Wednesday, April 1, 2015

Osprey Returning to the Salmon

One osprey stayed long after all of the others had left on their southern migration in the fall.  That osprey was still here on my last trip before the freeze.  Now, one osprey sits on the first nest, just 500 yards up from where I started.  It could be the same, no one would know, but this one seems to be here before the others.


The paddle up the cove is into a headwind.  It's a spring day all around - a little chill in the air, a little wind, and a lot of sun.  The air is clear, the sky very blue.  I follow the edge of the cove, hiding from the wind as much as I can.

osprey entering the water

Just before the mouth of the Moodus, an osprey overtakes me and almost as quickly dives into the water after fish.  I guide the canoe over to shore where I can nestle it in some branches and for the next ten minutes I watch the osprey make repeated attempts at catching a fish.  Unsuccessful, it flies off over to the treed slope of Mt. Tom for a breather.  And as I continue, a woodpecker makes a racket clearly heard over 1/3 of a mile of water and a mature bald eagle sweeps across the front of Mt.
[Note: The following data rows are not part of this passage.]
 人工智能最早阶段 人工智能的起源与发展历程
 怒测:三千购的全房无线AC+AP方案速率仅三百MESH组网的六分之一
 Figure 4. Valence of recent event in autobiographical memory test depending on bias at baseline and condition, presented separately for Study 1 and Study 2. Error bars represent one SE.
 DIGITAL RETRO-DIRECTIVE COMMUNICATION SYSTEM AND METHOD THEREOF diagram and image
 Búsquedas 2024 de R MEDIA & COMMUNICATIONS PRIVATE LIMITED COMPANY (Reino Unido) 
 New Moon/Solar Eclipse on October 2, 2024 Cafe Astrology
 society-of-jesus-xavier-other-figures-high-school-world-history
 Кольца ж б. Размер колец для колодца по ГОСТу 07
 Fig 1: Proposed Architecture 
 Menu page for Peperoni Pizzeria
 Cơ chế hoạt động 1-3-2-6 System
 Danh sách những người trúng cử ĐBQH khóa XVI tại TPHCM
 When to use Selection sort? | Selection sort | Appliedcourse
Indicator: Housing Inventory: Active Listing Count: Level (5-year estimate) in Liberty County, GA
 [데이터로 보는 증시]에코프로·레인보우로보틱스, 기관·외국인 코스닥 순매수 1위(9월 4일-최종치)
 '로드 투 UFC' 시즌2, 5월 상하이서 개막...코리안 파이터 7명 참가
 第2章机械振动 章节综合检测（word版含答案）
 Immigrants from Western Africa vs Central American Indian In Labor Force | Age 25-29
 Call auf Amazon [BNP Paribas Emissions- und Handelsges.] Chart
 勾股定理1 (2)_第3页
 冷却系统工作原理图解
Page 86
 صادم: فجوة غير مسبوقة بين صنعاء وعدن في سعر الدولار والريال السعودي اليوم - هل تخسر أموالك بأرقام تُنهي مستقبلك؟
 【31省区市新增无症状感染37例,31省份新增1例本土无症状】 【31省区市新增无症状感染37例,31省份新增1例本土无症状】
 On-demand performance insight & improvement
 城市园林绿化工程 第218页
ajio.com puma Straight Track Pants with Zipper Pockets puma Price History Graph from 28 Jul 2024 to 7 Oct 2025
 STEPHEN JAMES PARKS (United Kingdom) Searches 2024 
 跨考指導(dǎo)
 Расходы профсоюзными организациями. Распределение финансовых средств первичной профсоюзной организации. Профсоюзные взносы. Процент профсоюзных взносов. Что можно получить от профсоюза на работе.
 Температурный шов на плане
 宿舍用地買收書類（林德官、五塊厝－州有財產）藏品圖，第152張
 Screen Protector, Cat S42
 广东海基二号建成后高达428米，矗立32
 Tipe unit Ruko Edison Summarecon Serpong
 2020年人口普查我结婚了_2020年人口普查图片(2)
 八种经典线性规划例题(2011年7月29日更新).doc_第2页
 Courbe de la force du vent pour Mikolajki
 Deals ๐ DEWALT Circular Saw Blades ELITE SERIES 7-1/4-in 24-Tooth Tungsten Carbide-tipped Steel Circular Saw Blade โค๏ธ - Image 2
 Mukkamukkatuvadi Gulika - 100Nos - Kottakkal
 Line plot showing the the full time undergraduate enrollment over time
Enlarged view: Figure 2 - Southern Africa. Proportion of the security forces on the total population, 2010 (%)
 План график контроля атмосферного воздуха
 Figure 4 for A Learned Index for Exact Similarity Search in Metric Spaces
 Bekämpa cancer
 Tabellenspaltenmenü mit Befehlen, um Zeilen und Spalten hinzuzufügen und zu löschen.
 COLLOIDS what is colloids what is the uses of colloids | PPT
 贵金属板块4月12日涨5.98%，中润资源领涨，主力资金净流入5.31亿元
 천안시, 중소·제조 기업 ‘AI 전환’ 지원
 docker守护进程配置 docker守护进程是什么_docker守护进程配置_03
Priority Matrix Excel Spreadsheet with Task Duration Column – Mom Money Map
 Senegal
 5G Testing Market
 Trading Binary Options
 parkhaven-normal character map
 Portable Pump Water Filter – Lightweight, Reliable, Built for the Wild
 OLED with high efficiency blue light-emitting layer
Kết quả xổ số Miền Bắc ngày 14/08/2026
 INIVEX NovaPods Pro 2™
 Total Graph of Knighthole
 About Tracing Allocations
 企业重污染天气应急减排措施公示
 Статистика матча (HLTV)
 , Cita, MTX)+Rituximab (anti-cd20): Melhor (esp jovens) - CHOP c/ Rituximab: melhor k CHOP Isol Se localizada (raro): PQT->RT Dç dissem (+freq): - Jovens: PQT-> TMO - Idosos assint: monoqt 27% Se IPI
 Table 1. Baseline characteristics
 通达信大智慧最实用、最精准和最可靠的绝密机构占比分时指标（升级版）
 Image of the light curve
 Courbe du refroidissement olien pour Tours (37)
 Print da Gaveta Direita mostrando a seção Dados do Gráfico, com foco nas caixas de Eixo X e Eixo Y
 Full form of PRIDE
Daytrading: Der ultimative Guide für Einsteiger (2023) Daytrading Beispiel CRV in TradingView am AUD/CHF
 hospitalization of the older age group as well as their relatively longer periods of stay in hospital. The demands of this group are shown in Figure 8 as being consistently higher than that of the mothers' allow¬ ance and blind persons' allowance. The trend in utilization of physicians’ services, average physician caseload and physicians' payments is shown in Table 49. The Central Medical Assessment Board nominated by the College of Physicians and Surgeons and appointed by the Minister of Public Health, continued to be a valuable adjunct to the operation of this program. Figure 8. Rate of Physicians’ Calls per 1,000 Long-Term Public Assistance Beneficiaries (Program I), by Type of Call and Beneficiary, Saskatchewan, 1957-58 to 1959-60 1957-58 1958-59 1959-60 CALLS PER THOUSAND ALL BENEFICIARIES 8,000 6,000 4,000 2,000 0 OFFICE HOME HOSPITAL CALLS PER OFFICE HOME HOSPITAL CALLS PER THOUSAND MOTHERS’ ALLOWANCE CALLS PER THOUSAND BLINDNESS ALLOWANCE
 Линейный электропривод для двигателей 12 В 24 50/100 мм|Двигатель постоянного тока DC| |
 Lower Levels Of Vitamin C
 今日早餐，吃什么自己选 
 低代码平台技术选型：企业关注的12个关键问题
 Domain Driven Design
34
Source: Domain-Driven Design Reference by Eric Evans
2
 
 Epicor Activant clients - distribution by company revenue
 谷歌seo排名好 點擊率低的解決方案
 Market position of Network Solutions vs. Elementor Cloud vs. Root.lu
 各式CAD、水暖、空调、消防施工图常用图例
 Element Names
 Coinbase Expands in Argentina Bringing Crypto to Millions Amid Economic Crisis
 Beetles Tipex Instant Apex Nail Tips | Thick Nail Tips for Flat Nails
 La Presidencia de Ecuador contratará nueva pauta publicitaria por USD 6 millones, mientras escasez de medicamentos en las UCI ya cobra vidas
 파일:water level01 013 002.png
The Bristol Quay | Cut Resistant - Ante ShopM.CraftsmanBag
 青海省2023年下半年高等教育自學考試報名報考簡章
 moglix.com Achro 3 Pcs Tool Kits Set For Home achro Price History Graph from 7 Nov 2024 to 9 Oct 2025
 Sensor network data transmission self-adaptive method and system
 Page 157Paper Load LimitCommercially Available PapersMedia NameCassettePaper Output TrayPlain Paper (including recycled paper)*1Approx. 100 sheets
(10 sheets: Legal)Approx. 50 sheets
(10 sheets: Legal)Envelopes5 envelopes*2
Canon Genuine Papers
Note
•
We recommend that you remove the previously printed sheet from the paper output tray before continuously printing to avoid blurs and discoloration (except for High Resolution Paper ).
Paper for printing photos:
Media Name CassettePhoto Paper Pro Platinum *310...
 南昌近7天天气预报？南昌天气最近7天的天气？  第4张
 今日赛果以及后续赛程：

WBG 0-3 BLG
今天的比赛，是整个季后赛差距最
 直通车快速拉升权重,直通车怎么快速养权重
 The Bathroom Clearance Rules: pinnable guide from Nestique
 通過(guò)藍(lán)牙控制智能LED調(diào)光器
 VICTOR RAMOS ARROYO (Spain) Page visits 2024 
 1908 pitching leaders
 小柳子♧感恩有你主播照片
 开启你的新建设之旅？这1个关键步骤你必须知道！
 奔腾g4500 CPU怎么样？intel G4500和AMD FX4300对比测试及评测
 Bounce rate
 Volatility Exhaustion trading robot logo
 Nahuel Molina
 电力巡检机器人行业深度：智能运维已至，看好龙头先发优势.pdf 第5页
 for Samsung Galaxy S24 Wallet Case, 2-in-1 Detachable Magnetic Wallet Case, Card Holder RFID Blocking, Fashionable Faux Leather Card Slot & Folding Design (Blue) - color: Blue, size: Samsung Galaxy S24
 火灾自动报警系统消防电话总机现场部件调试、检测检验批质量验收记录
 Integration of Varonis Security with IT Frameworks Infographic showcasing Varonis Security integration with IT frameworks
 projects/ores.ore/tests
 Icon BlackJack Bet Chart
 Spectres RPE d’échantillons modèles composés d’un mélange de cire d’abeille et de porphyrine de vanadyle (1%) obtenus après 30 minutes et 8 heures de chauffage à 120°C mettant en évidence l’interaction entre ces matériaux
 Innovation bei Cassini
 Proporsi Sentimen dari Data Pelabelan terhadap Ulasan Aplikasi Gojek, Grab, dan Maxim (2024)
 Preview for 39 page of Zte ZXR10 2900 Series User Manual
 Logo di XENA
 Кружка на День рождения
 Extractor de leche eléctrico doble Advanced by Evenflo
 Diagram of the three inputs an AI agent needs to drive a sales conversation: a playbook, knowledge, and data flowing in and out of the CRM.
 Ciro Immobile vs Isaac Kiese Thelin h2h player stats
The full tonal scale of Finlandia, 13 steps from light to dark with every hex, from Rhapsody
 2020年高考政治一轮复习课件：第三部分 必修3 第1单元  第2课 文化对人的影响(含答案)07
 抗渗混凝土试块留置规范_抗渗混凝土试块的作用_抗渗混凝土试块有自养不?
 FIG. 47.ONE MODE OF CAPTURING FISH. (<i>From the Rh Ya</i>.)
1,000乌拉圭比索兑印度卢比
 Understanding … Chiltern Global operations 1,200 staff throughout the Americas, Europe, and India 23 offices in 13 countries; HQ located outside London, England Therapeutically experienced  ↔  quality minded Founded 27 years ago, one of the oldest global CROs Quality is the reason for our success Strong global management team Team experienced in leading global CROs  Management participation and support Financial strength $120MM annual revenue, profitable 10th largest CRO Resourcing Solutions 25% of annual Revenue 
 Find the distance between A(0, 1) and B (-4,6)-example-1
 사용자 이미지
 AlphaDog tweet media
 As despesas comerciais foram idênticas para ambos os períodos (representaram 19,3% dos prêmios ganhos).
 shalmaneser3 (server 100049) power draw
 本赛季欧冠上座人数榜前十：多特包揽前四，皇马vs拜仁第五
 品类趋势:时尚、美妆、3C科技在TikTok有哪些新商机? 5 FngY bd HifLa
Tom.
osprey exiting the water

The Moodus once held more than a dozen twine and textile mills.  For the first couple hundred yards of the river I can count, for each canoe length, two or three pieces of broken ceramic on the river bottom.  It is not particularly modern trash.  The first mill dam, an impassable one, is only 3/4 of a mile upriver from the mouth at Johnsonville.

Rounding the two tight bends, which always have some swift current to contend with, I scare off two common mergansers, and a muskrat swims across the river to evade upstream along the bank.  I turn back when I get to the bottom of Johnsonville and find a pair of tennis shoes stuck 3 feet deep in a sandbar.  You never find pairs of shoes.  The only way you find pairs of shoes is if they are connected.  I steady the canoe in the current well enough to flip one shoe with the tip of my paddle, and not finding a foot inside, I can continue.  The shoes are tied together with the laces.

the mouth of the Moodus

I head up the Salmon River on calmer air, the valley being narrower and protected.  I go as far as the Leesville Dam.  There is a good amount of current, the Salmon being reasonably long and draining a good amount of forested land.  Another osprey flies over.

As I pass that first nest on the way out, I find that there isn't one osprey but instead it is a nesting pair already at work adding sticks to their previous work (ospreys return to the same nest each year).

The count - six osprey, one (possibly two) mature bald eagles, 16 swans, about the same number of common mergansers, a couple wood ducks, a muskrat, and a few swallows.